Giter VIP home page Giter VIP logo

http-source-connector's Introduction

Fluvio HTTP Inbound Connector

Read HTTP Responses given input HTTP request configuration options and produce them to Fluvio topics.

This connector can be configured to operate in three modes.

  • Polling: Unless otherwise specified, the endpoint will be polled periodically, with the polling interval specified by providing the interval config option. Each response will be produced as an individual Fluvio record.
  • Streaming: When the stream config option is provided, the HTTP response will be processed as a data stream. A record will be produced to Fluvio every time a delimiter segment is encountered, which is set to \n by default.
  • WebSocket: When the provided endpoint config option is prefixed with ws://, a WebSocket connection will be established, and each incoming message will be produced.

Supports HTTP/1.0, HTTP/1.1, HTTP/2.0 protocols.

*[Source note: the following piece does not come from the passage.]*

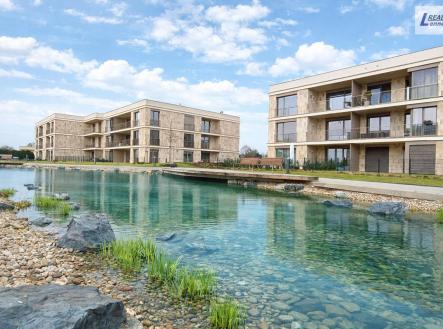 Pronájem bytu, 2+kk, 58 m²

See docs here. Tutorial for HTTP to SQL Pipeline.

Configuration

Option default type description
interval 10s String Interval between each HTTP Request. This is in the form of "1s", "10ms", "1m", "1ns", etc.
method GET String GET, POST, PUT, HEAD
endpoint - String HTTP URL endpoint. Use ws:// for websocket URLs.
headers - Array<String> Request header(s) "Key:Value" pairs
body - String Request body e.g. in POST
user-agent "fluvio/http-source 0.1.0" String Request user-agent
output_type text String text = UTF-8 String Output, json = UTF-8 JSON Serialized String
output_parts body String body = body only, full = all status, header and body parts
stream false bool Flag to indicate HTTP streaming mode
delimiter '\n' String Delimiter to separate records when producing from an HTTP streaming endpoint

Record Type Output

Matrix Output
output_type = text (default), output_parts = body (default) Only the body of the HTTP Response
output_type = text (default), output_parts = full The full HTTP Response
output_type = json, output_parts = body (default) Only the "body" in JSON struct
output_type = json, output_parts = full HTTP "status", "body" and "header" JSON

Usage Example

This is an example of simple connector config file for polling an endpoint:

# config-example.yaml
apiVersion: 0.1.0
meta:
  version: 0.3.7
  name: cat-facts
  type: http-source
  topic: cat-facts
  create-topic: true
  secrets:
    - name: AUTHORIZATION_TOKEN
http:
  endpoint: "https://catfact.ninja/fact"
  interval: 10s  
  headers:
    - "Authorization: token ${{ secrets.AUTHORIZATION_TOKEN }}"
    - "Cache-Control: no-cache"

The produced record in Fluvio topic will be:

{
  "fact": "The biggest wildcat today is the Siberian Tiger. It can be more than 12 feet (3.6 m) long (about the size of a small car) and weigh up to 700 pounds (317 kg).",
  "length": 158
}

Secrets

Fluvio HTTP Source Connector supports Secrets in the endpoint and in the headers parameters:

# config-example.yaml
apiVersion: 0.1.0
meta:
  version: 0.3.7
  name: cat-facts
  type: http-source
  topic: cat-facts
  create-topic: true
  secrets:
    - name: MY_SECRET_URL
    - name: MY_AUTHORIZATION_HEADER
http:
 endpoint: 
   secret:
     name: MY_SECRET_URL
 headers: 
  - "Authorization: ${{ secrets.MY_AUTHORIZATION_HEADER }}
 interval: 10s

Transformations

Fluvio HTTP Source Connector supports Transformations. Records can be modified before sending to Fluvio topic.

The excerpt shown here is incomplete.